The work office is increasingly adopting mainstream digital solutions to enhance staff communication and productivity, which is creating fertile ground for start-ups able to deliver solutions in this space. With the UK’s capital city especially open to pioneering technologies, London corporate finance is set to play a major role in developing the migration of the workplace towards greater internal interconnectivity.
Telecom services popular among consumers and technological strategies typically utilised by businesses externally are increasingly entering the office environment, helping to nurture a revolution in the digital workplace. Both large and small businesses are turning to platforms such as crowdsourcing, social media and mobile applications to broaden internal collaboration, improve access to information and ultimately expand productivity. In essence, the workplace is becoming a digital organism that benefits from a freer flow of information and better-connected employees.

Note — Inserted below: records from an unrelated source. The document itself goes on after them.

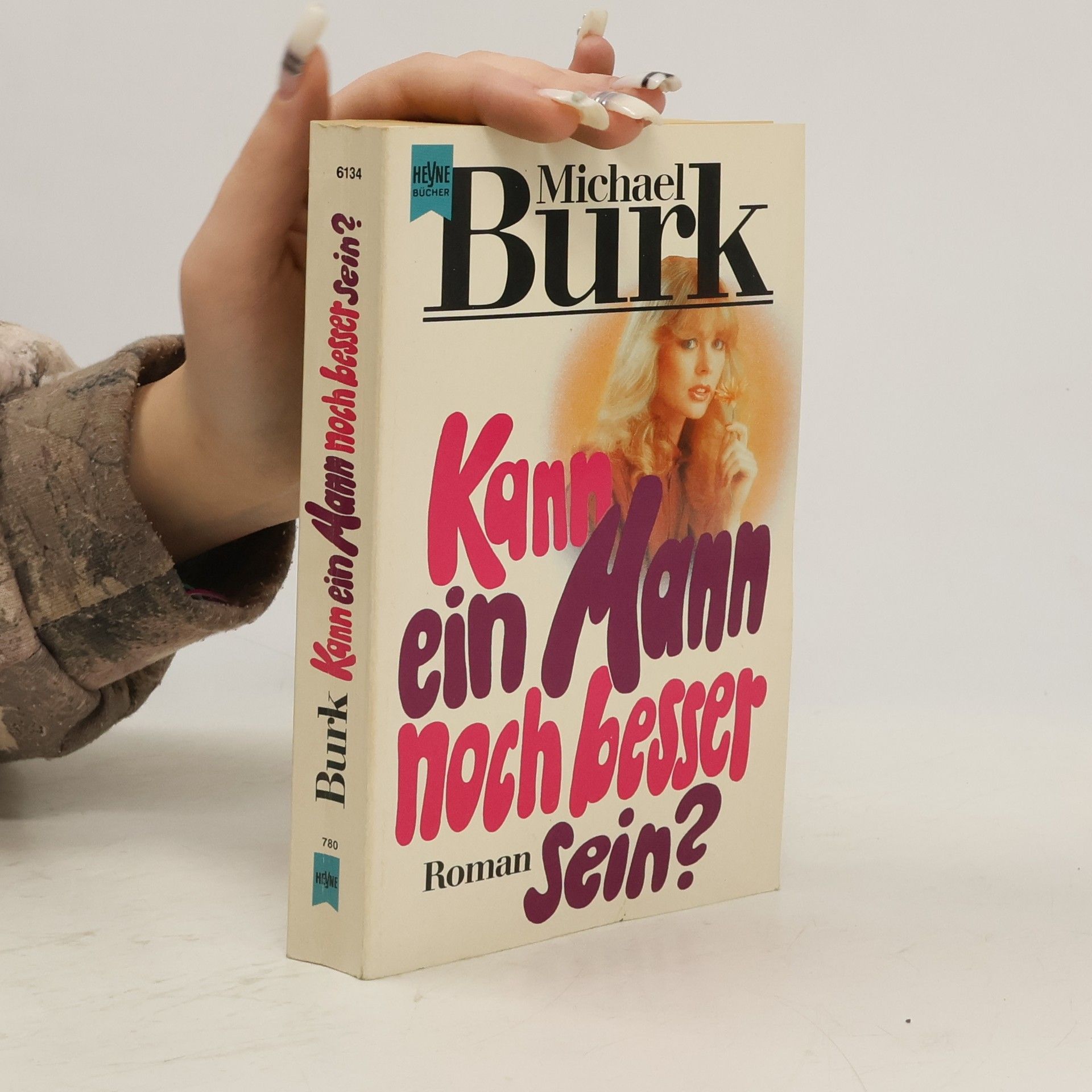 Michael Burk Kann ein Mann noch besser sein?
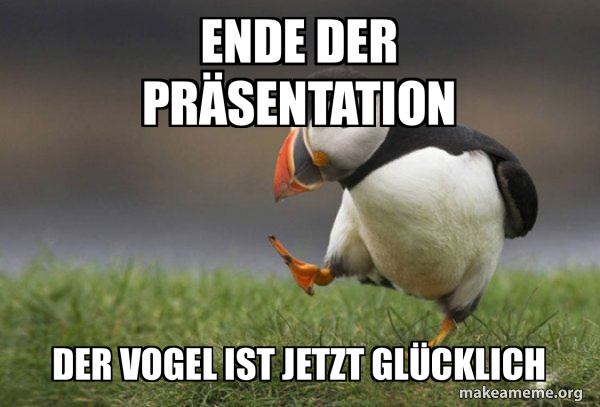 ende-der-pr-sentation-der-vogel-ist-jetzt-gl-cklich-unpopular-opinion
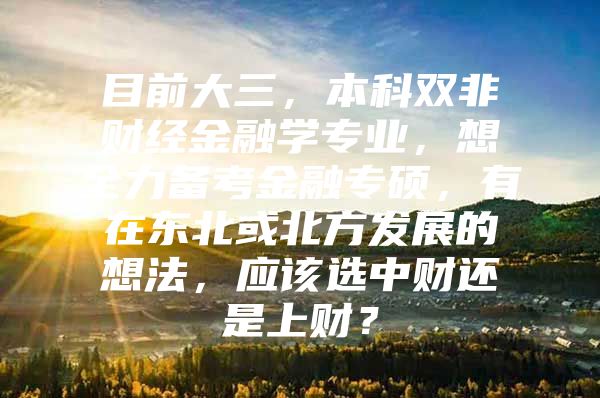 目前大三，本科双非财经金融学专业，想全力备考金融专硕，有在东北或北方发展的想法，应该选中财还是上财？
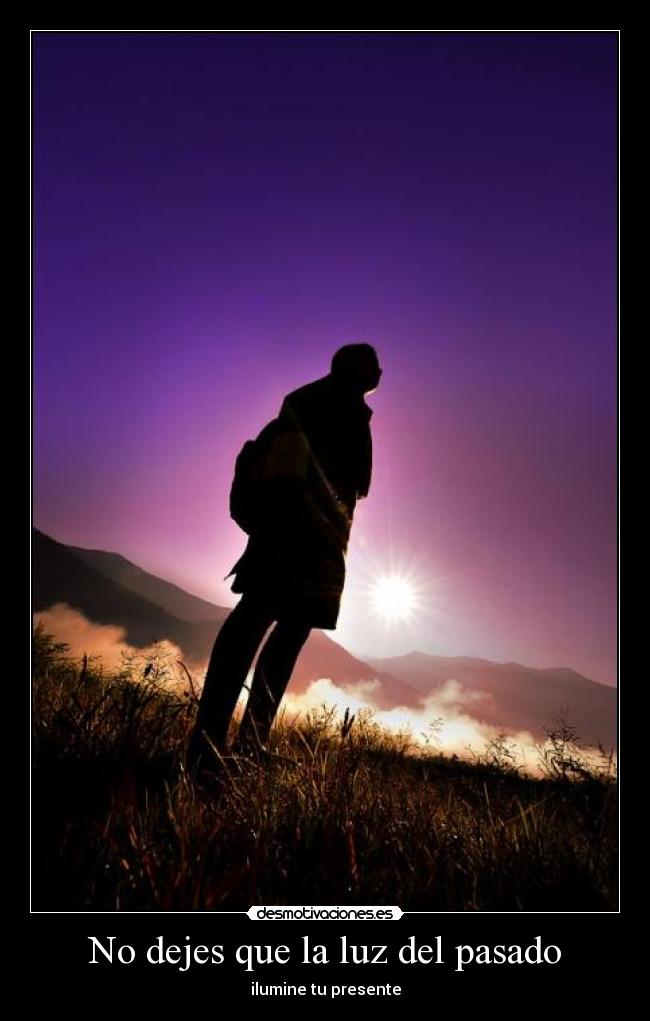 No dejes que la luz del pasado -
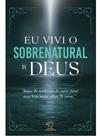 Eu vivi o sobrenatural de deus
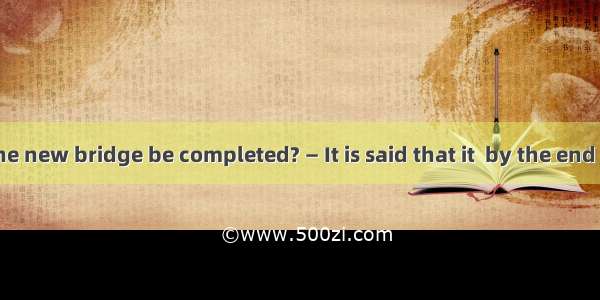 — When will the new bridge be completed? — It is said that it  by the end of this year.A.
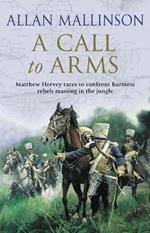 A Call To Arms: (The Matthew Hervey Adventures: 4): A rip-roaring and fast-paced military adventure from bestselling author Allan Mallinson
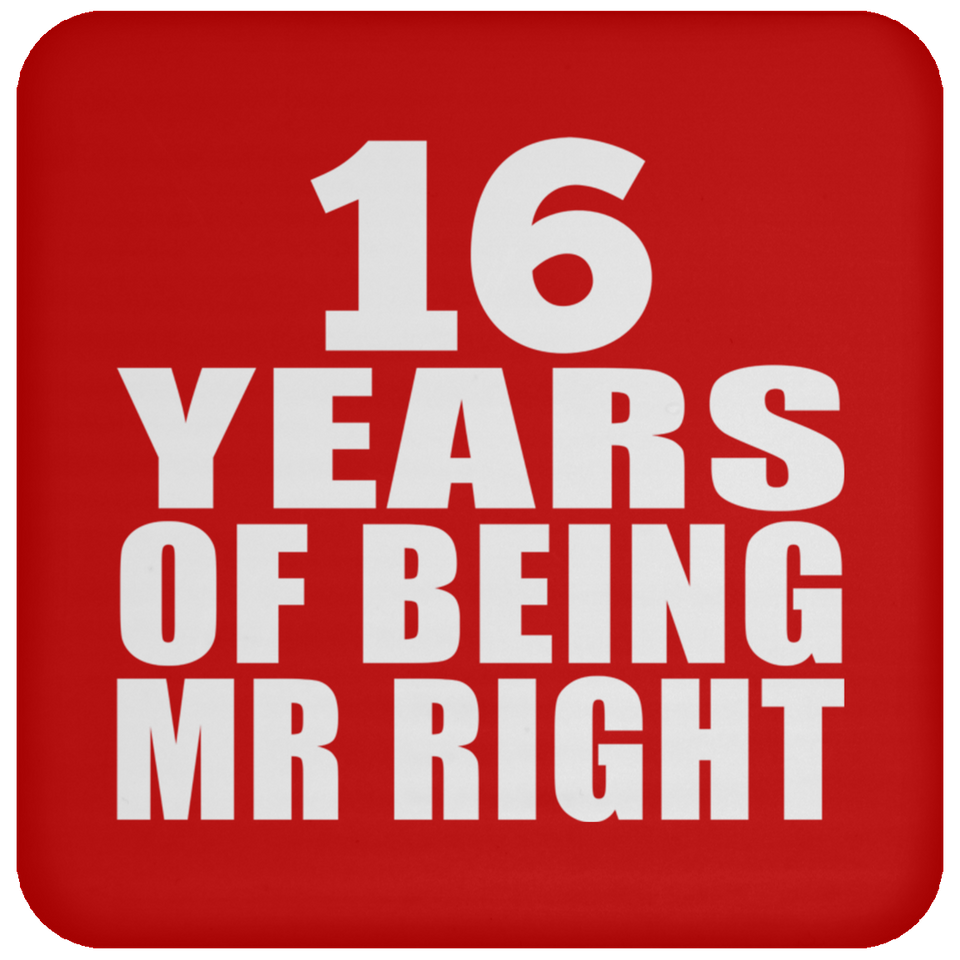 16th Anniversary 16 Years Of Being Mr Right - Drink Coaster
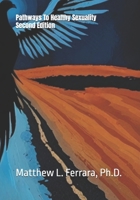 Pathways to Healthy Sexuality 1439268401 Book Cover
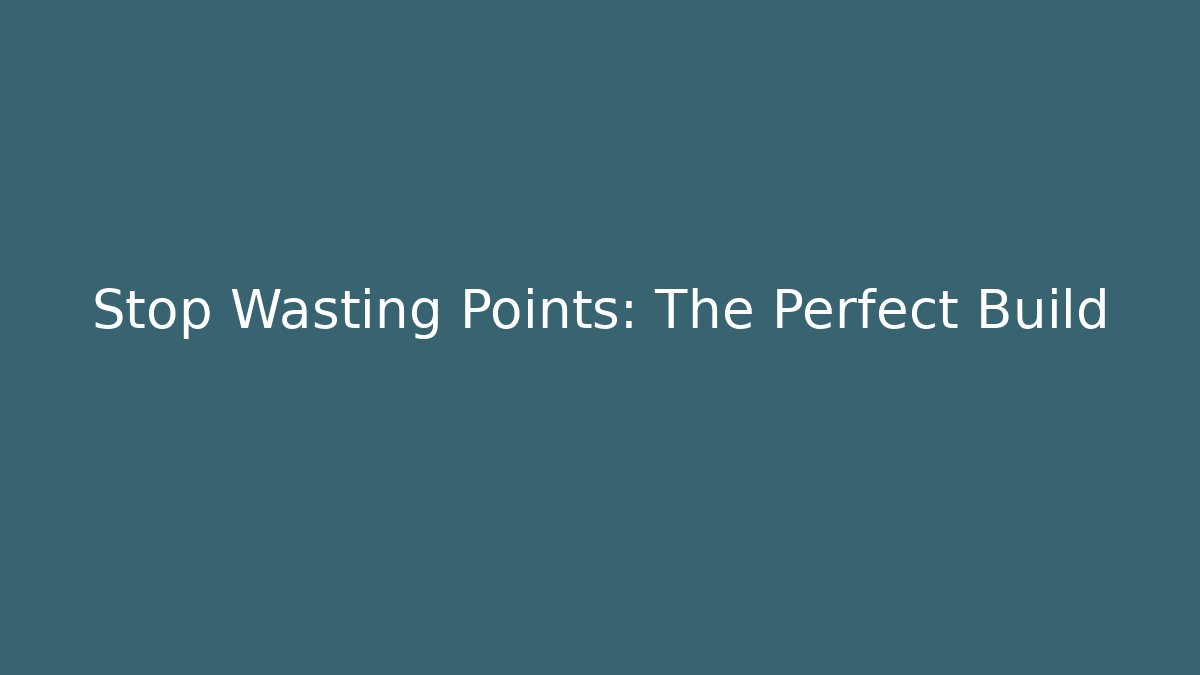 Stop Wasting Points: The Perfect Build - Create More Assets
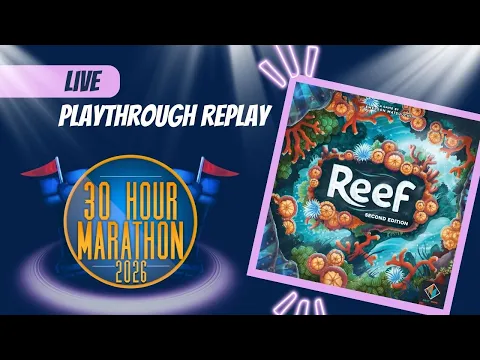Reef Live Replay - 30 Hour Marathon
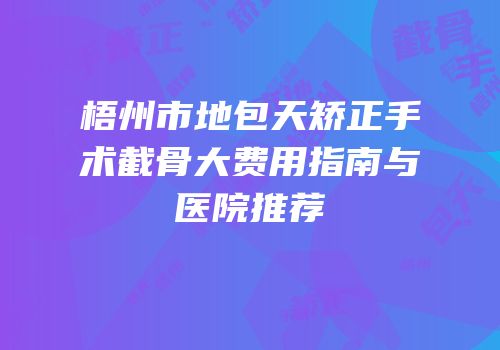 梧州市地包天矫正手术截骨大费用指南与医院推荐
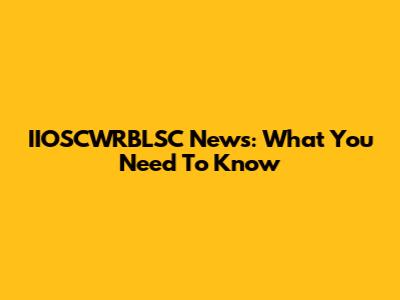 IIOSCWRBLSC News: What You Need To Know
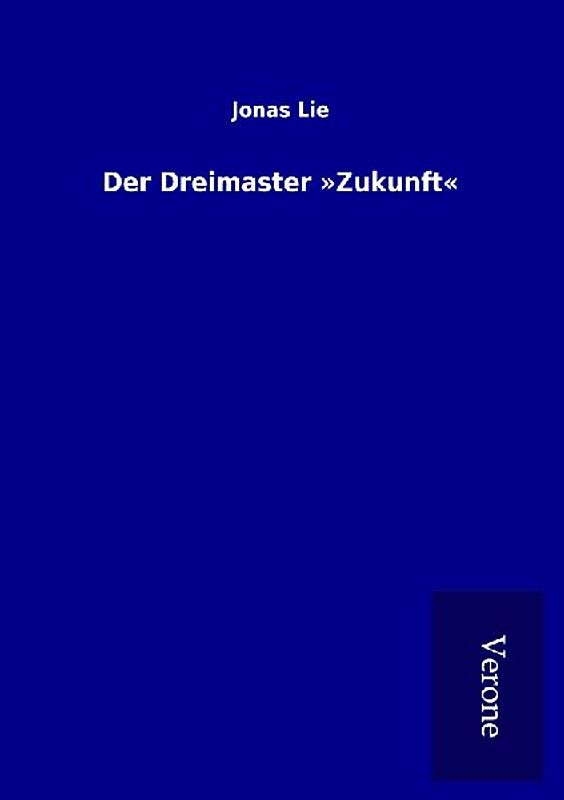 Der Dreimaster 'Zukunft'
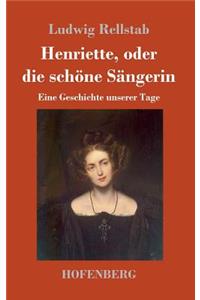 Henriette, oder die schöne Sängerin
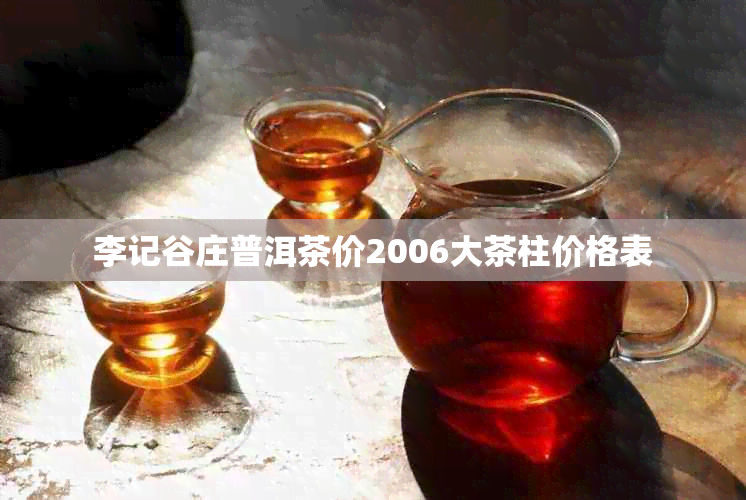 李记谷庄普洱茶价2006大茶柱价格表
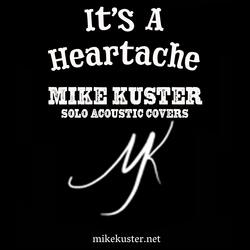 It's a Heartache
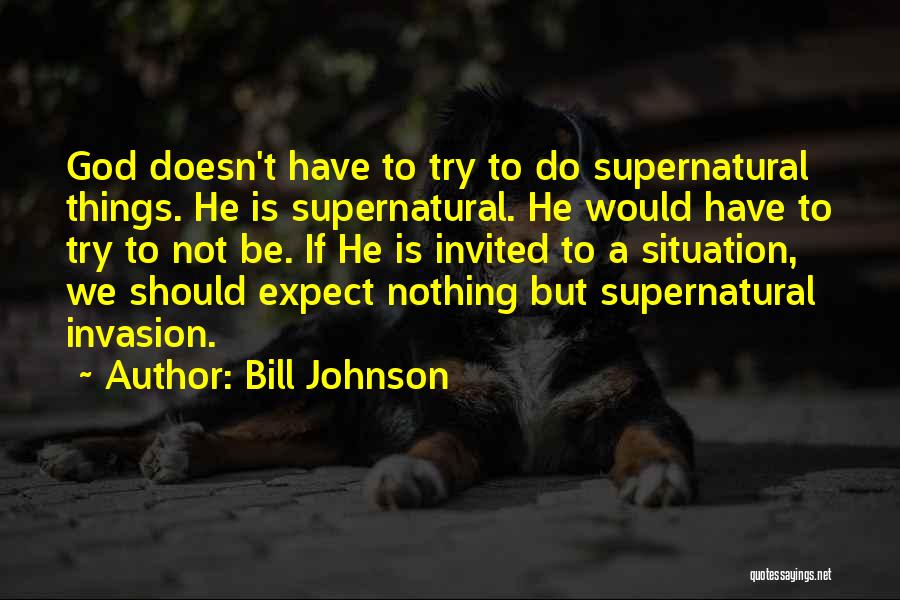 Bill Johnson Quotes: God Doesn't Have To Try To Do Supernatural Things. He Is Supernatural. He Would Have To Try To Not Be.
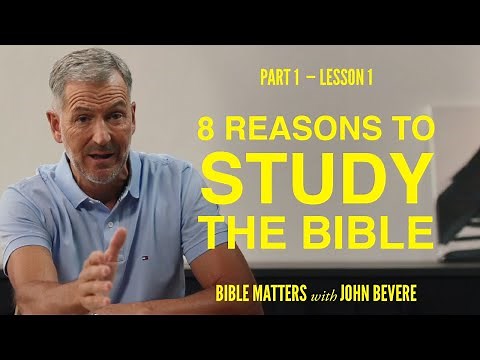 8 Reasons to Study the Bible (Part 1) | Lesson 1 of Bible Matters | Study with John Bevere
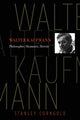 Book cover of: Walter Kaufmann. By: Stanley Corngold
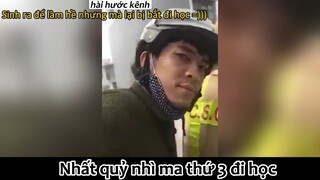Nhất quỷ nhì ma thứ 3 học trò#haihuoc#hài#tt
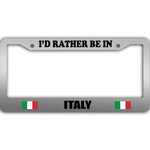 I Would Rather Be In Italy Flag Pattern Car License Plate Frame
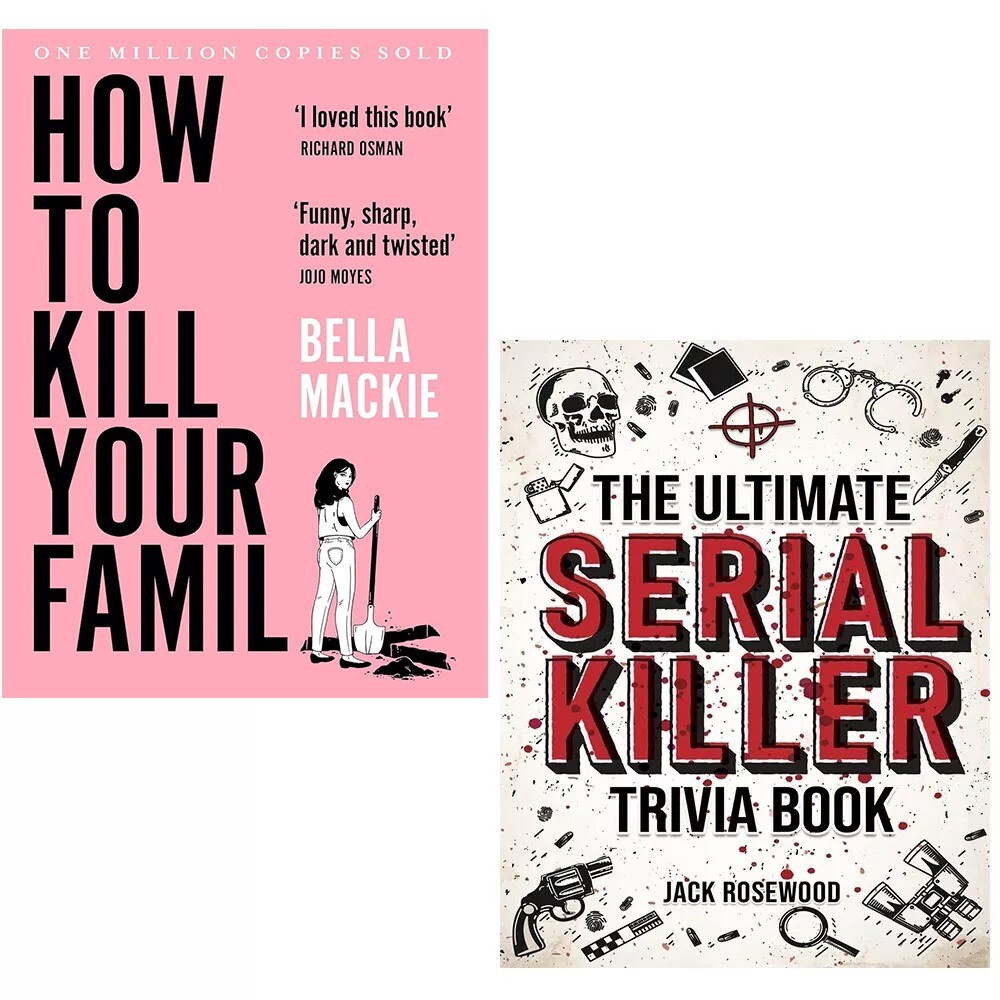 How To Kill Your Family Bella Mackie, Ultimate Serial Killer Trivia 2 Books Set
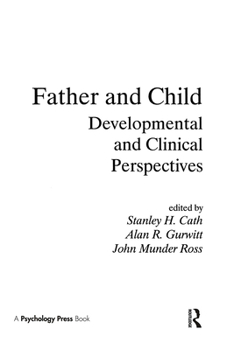 Paperback Father and Child: Developmental and Clinical Perspectives Book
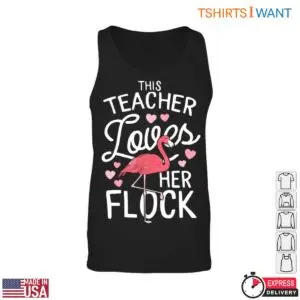 This Teacher Loves Her Flock Flamingo T-Shirt 8 This Teacher Loves Her Flock Flamingo T Shirt 3 1.jpg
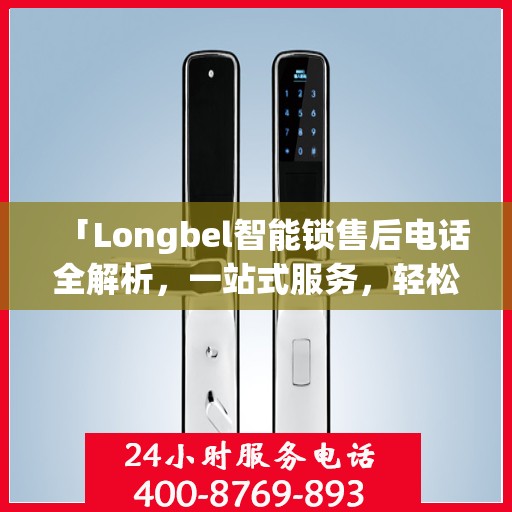 「Longbel智能锁售后电话全解析，一站式服务，轻松解决您的疑问和需求」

A challenge for businesses, especially large corporations, is often an organic process that divides departments into stand-alone silos with limited strategic and creative collaboration. Indeed, skills that can crossover job titles can be underused due to poor communications or limited platforms for company-wide initiatives. Having recognised this, chief executives are increasingly adopting internal digital communities. German telecom giant Deutsche Telekom, for example, utilised a crowdsourcing tool to derive key performance indicators from its global staff network in early 2013.
The enhanced affordability and processing capability of wireless handheld devices, as well as growing access to high-speed mobile broadband, are factors that are rapidly increasing the appeal of mobile devices as fully integrated data-accessible work tools. This has been most reflected by the surging bring-your-own-device (BYOD) market, set to reach $181 billion in value globally by 2017, according to trade sources. Enterprises integrating employees’ devices into company IT infrastructure can benefit from out-of-work-hours staff productivity and their ability to perform sales or similar transactions while working remotely. Globalisation has largely decentralised corporate functions and mobile data is set to activate the next phase of business flexibility.
However, some challenges remain for digitalising the workplace.
Inherent traditionalism and distrust of employees among some chief executives, who can be anxious in releasing their control levers over communications and feedback, can post a barrier to liberal workplace tools such as crowdsourcing and social media. While progressive telecom companies have typically been the first to initiate internal digital processes, traditional segments such as finance and the public sector are fearful of security breaches and public relations leaks that online communities and work devices can cause. The cost of wholesale digital processes during a period of global economic uncertainty is another potential factor that can disrupt the implementation of internal telecom tools. Especially since the cost benefits of digital internal interaction can be difficult to quantify.